Question: Even though celebrating special occasions with friends and family is on hold during the pandemic, birthdays, anniversaries and other milestones still pass by. I want to be more creative in sourcing gifts and feel disloyal to the businesses in my community by ordering from websites like Amazon. But I am on a budget, not ready to go indoors to shop yet and many of the recipients live elsewhere. What are my options? — Santa Fe
Answer: It’s generous of you to acknowledge the significant moments of those close to you with a gift. We are all pushed to think outside the box this year. Many small retailers have had to reinvent themselves by creating more content on their websites, offering local delivery and upping their personalized service.
Start by contacting a local shop or one in the same city as the recipient. Explain that you are looking for a gift in a certain price range, the occasion and age of the recipient and ask what delivery options are available to you. If you are stumped for ideas, let the retailer guide you based on the knowledge of their inventory. Your gift will have an impact on your loved ones and you might save a business in the process.
Local children’s boutique Indigo Baby expanded its services after the initial COVID-19 shutdown because it was located in a shopping mall, forcing it to remain closed longer to foot traffic. Owner Katie Hyde began offering curbside pickup, free gift wrapping, free delivery and shipping. Customers would contact her over the phone or through social media and she would get back to them with photos and prices. “We drove all over the state and people were so wonderful and happy to help,” says Hyde. “Santa Fe moms saved the store.
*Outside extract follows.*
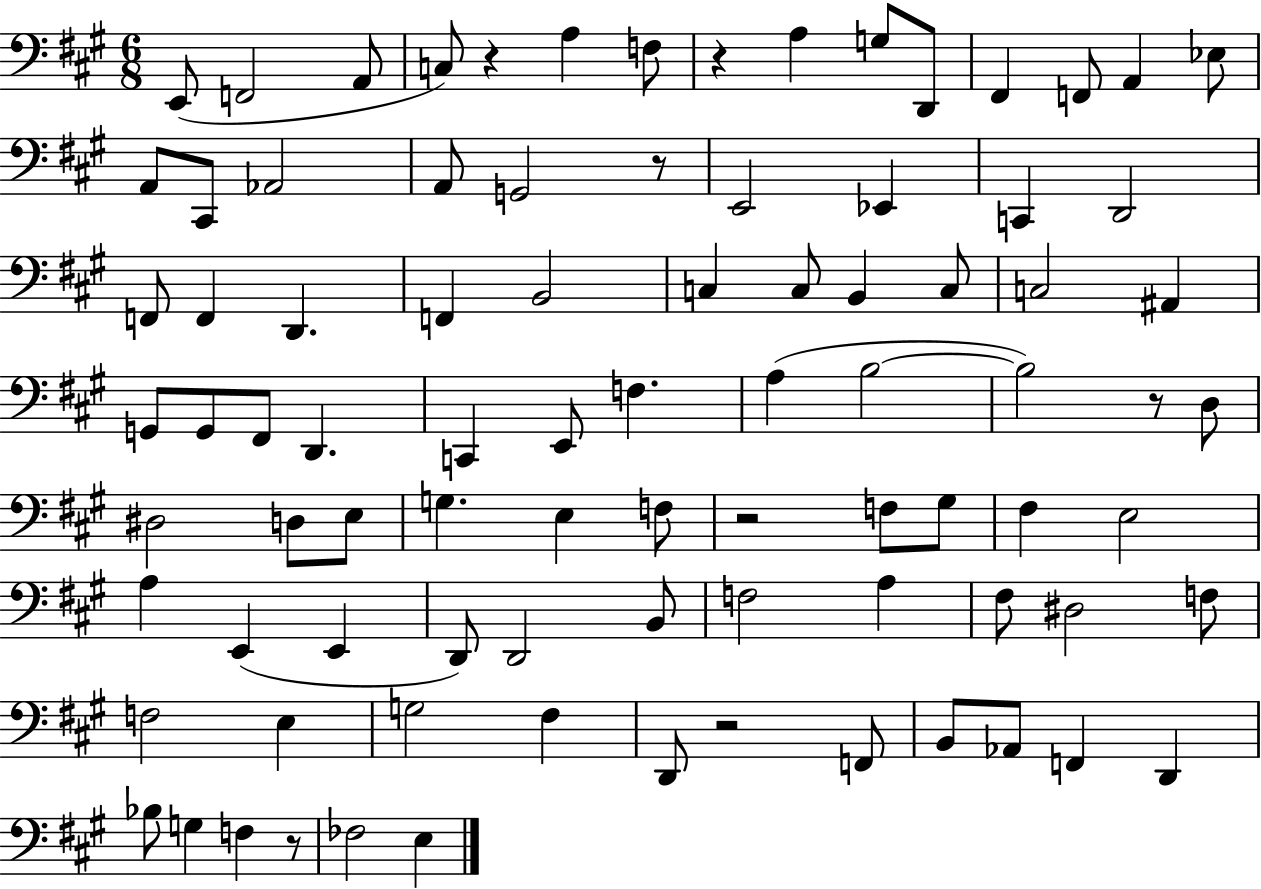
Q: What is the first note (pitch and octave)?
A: E2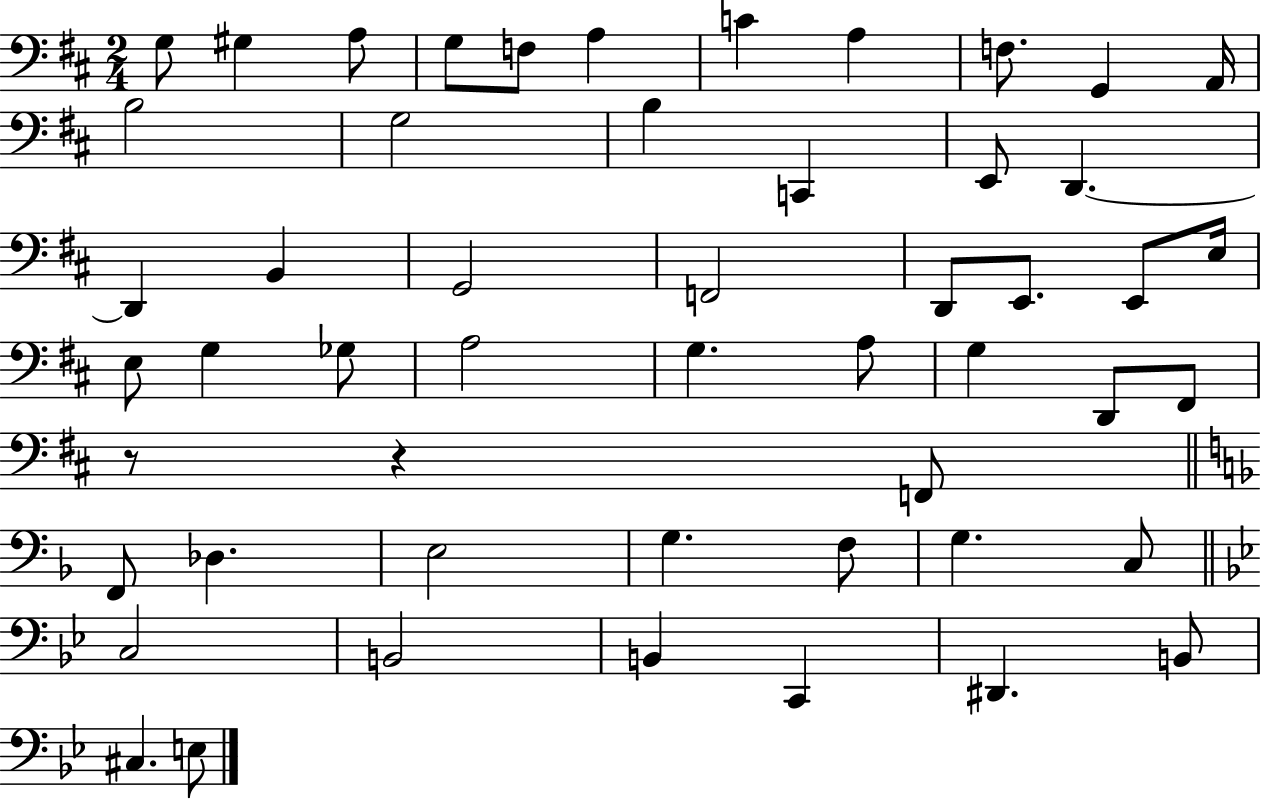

I tear up every time I think of it.”
Rural retailers are struggling, too, with fewer tourists visiting and locals staying close to home. Cerrillos Station, located in a sleepy village 30 minutes south of Santa Fe, used the shutdown to list its inventory on its website and offer curbside pickup. “We are striving to make the shopping experience a safe and easy outing,” says owner Barbara Briggs. “We’re conscientious and the physically smaller space gives us more control of the environment. These big-box stores are going to make it through, but the small shops are the economic engine of this country.”
A simple greeting card or postcard is a thoughtful gift for the joy the written word brings. While it’s certainly economical, the investment you make by purchasing stamps and using the United States Postal Service are invaluable to it at this time. When those options aren’t available, I recommend the good old-fashioned telephone. I feel people’s expectations are relaxed when it comes to receiving gifts under the circumstances.
During this year of staying in place, human connection is needed in whatever form we can get. The sound of the voice of someone near and dear is sure to bring a smile and the feeling of closeness we crave. Sometimes the greatest gifts are the simplest.